Elloven cautiously stepped through the opening the guards created for her. She let them lift her onto the scaffold, and from there she could finally see the size of the crowd. There were a hundred or more watching, their eyes narrowed in curiosity, distrust. She didn’t see Rhiain, Asterin, or Sesto. In the distance, Taven tried to grab her attention, but she ignored him and his unctuous scowl.
A young woman of perhaps fifteen stepped onto the dais wearing a long robe, dark as midnight. She raised her gloved hands and wrapped them around Elloven’s face, eyes fluttering upward before closing.
The girl’s touch was electric, a prolonged sensation of brushing the wrong thing on the coldest, driest days. It was startling yet familiar, and she felt herself drift away from the scaffold toward the skies.
Abruptly, Elloven was released. Her spirit crashed into her body, sending her to a knee.
“She is who she claims,” the girl declared and left.
“Indeed,” sang the announcer as he approached a stunned Elloven. “A stranger of the blood? What a rare day this is for us. Why did you raise your voice?”
Elloven’s breaths came in short as she glanced up, squinting against the sun breaking through the dense clouds. Jesstin agitatedly struggled to grab her notice. His eyes flared in caution when they briefly connected, and he shook his head firmly but carefully, his boots skating the top of the wobbly stool.
Elloven nodded that it was all right, but it only made him panic more. Did he want to die? Did he think she was going to sacrifice herself?
Am I?
“I...” Elloven cleared the blockage in her throat. “I speak for him because I was there. I was there for all of it. And what the Virtue has said happened did not. She was bribed to use her words against this man, and I won’t allow him to die for it.”
The crowd exploded in stunned gasps and whispers.
“I see.” The man moved toward her, his beady gaze swiveling between the people and her. “I see. But have you considered it may have happened when you were not there?”

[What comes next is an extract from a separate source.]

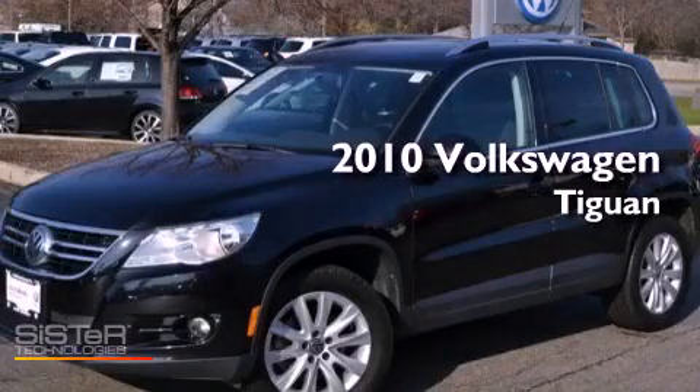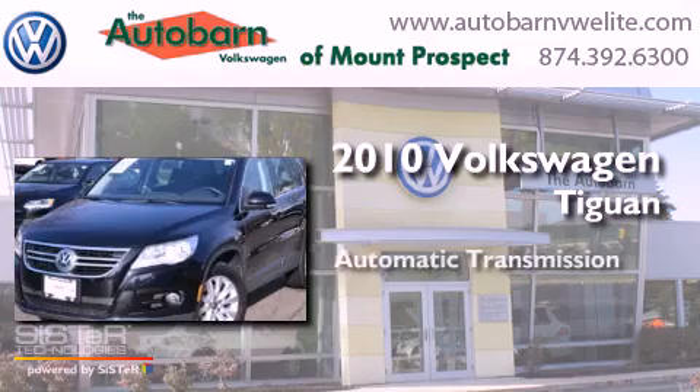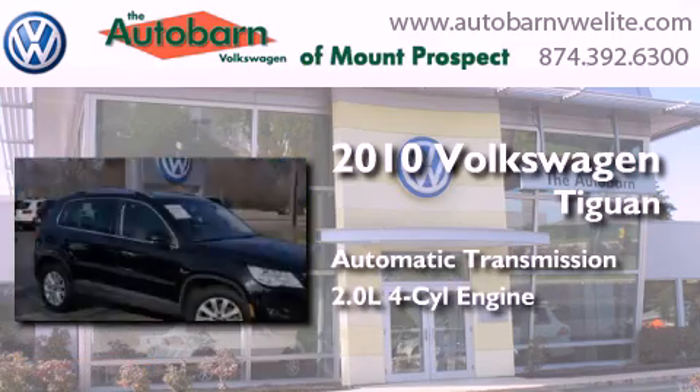This is a 2010 Volkswagen Tiguan. This crossover has an automatic transmission and an inline four-cylinder engine.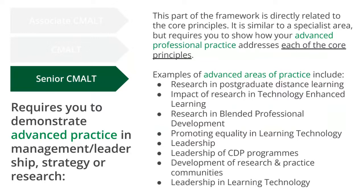Senior CMALT has one additional section, making it the largest portfolio. This focuses on advanced professional practice that addresses each of the core principles. Indicative examples include research in blended professional development, leadership, or promoting equality in learning technology. Unlike the specialist area, Senior CMALT candidates must demonstrate not only the example of their work and its impact, but also how it relates to each of the core principles — which is one of the most challenging aspects of Senior CMALT.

“But I was there,” Elloven retorted. She ignored Jesstin’s signaling. Maybe he knew something she didn’t, but there wasn’t time. She saw they really would kill him, that Asterin’s army would arrive too late. The solution could only be found within the village’s own code. “Jesstin and I were there alone until the man who started this, Taven Considine, arrived and incited a fight. The two men tussled, but this Virtue was nowhere near us. I was still with Jesstin when the guards came to take him. I was with Jesstin the entire time. The first time I even saw the Virtue’s face was when she came with the guards to spread her lie.”
“That’s not what happened!” the Virtue, Sanja, screeched.

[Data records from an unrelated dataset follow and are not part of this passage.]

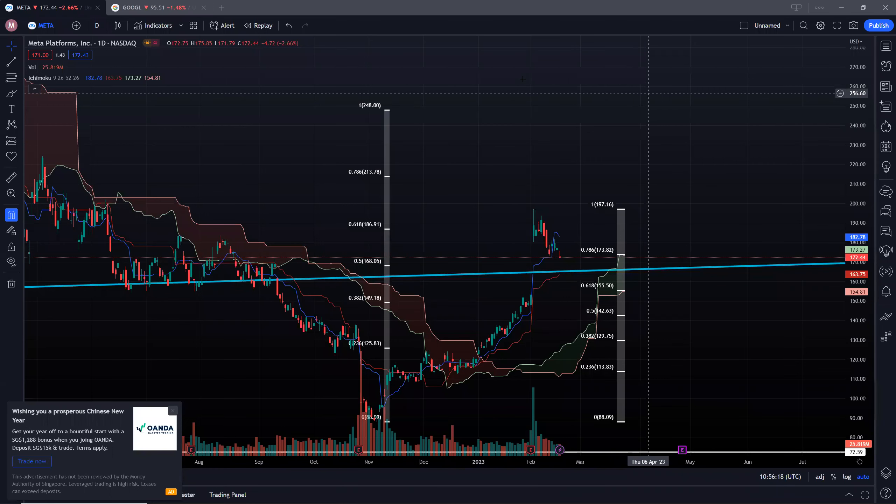Hi guys, welcome back. Today we're taking a look at Meta as well as Google. Let's first start off with Meta or Facebook. You can see that Meta's recent high was around 248 levels.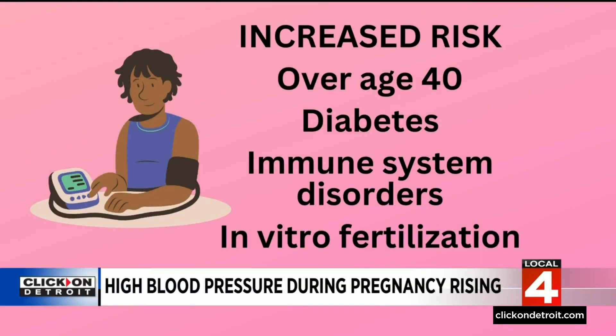Black women are also at an increased risk. Taking measures to improve your health both before and during pregnancy can reduce the risk, and that includes exercise, eating healthy, and reducing stress.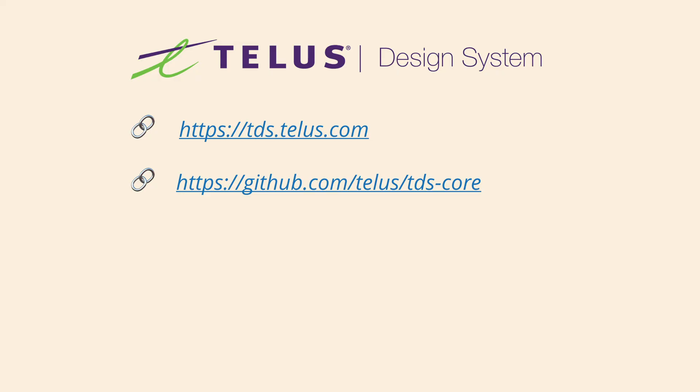All of these things — the reusable components, global elements in the design system, the automated tooling and testing including visual regression testing, and the culture of contribution and ownership — are all part of what's called the Telus Design System. And it's open source. I invite you to check out these two links: the top link is the main documentation portal leading to the core component catalog, and the bottom link is the codebase, which is under active development right now.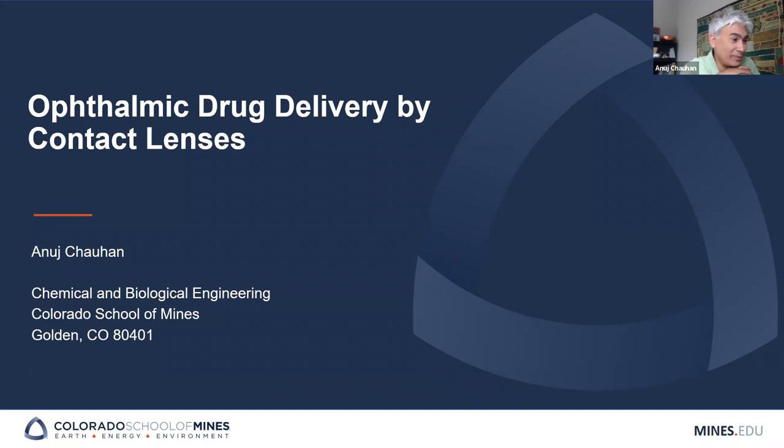The title of my talk is Ophthalmic Drug Delivery by Contact Lenses. I'm a professor and department head in chemical and biological engineering at Colorado School of Mines.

“But my word is as good as yours, no?” Elloven retorted. With each step toward the young woman, she backed away. “Did your prophetess not confirm I am who I say I am?”
“We approach a dilemma,” the announcer said to the crowd, though he seemed delighted at the complication. “For now, their words have canceled one another out. How shall we solve it?”
“Duel!”
“Trial!”
“The bond!”
More and more voices joined the ones shouting the last suggestion, until they drowned the others.

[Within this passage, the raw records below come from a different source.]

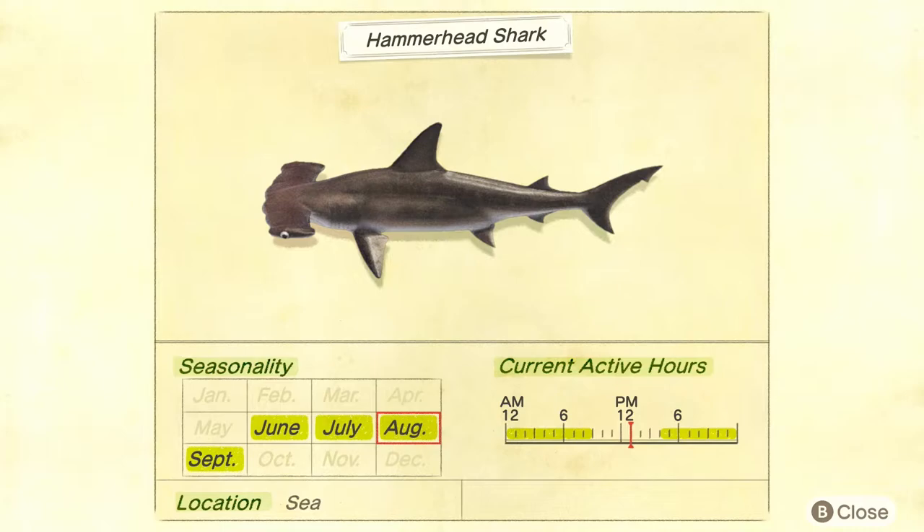You'll find a decent amount of sharks once you go out at that hour during this time frame. They are the largest shadow and they have a fin since they are a shark. So if you're out in the water and you see a giant shadow with a fin, it's going to be one of the four main sharks in the game, and you have a 25% chance of it being the hammerhead.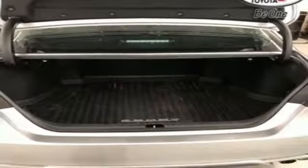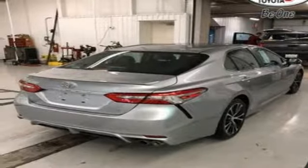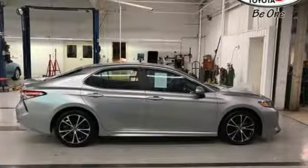Inside, Entune 3.0 audio with connected navigation display keeps you entertained and on target with steering wheel mounted controls for infotainment, Bluetooth and more. Dynamic Radar Cruise Control makes freeway driving easy and Toyota's Safety Sense P makes it safe with pre-collision system and pedestrian detection and lane departure alert with steering assist.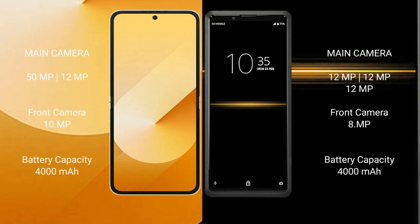Samsung Galaxy Z Flip 6 has a rear dual camera setup with 50MP plus 12MP, and a front camera of 10MP. Sony Xperia Pro has a rear triple camera setup with 12MP plus 12MP, and a front camera of 10MP.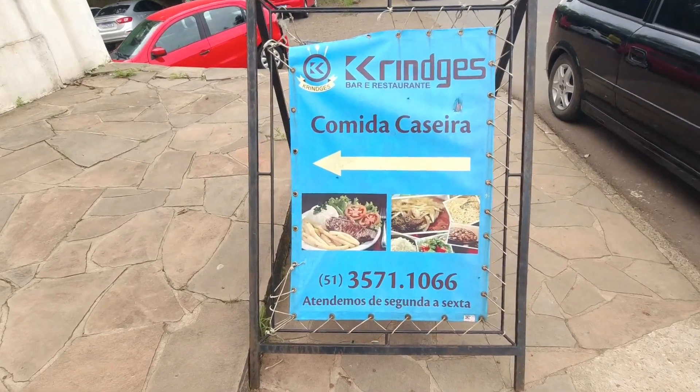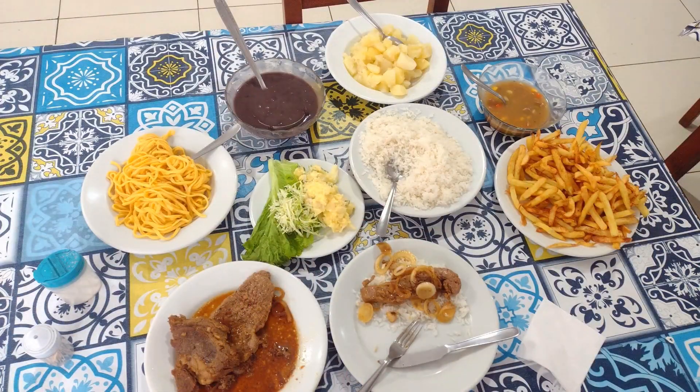Pessoal, acabei de almoçar aqui no Restaurante Críndias, em São José do Hortêncio. Eles servem comida caseira, servem na mesa, à la carte. R$27,00 com minha vontade. Vou deixar uma foto pra vocês e também deixo a recomendação de um ótimo lugar pra almoçar aqui na cidade.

“Elloven,” Jesstin hissed, spitting his words through his teeth. “Go!”
I will not, she mouthed with a tight smile, which didn’t reassure either of them, and turned away.
“The bonnnnd,” mused the man with increasing amusement. He clapped his hands. “We have not had a bond in dozens of years! Shall we raise our hands in assent and make it so?”
A sea of hands shot up.
“We have spoken. The bond it is.” The man peered up at Elloven. “Do you consent to the bond as the breaker of the tie?”
“Elloven!” Jesstin screamed again. The crowd gasped when the stool nearly toppled.
“What is the bond?” Elloven asked. She watched Jesstin from the edge of her vision. He looked more horrified than he had when being arrested.
“The bond is one possible consequence of the neutrality created in competing testimony,” the man said. “The crowd has chosen the bond, and without it, our verdict in the man’s guilt and sentence stands.”
“But what is it?” she demanded.
The man laughed and everyone joined him. How naïve she is was the clear message. “How can a sister of the blood not already know this?”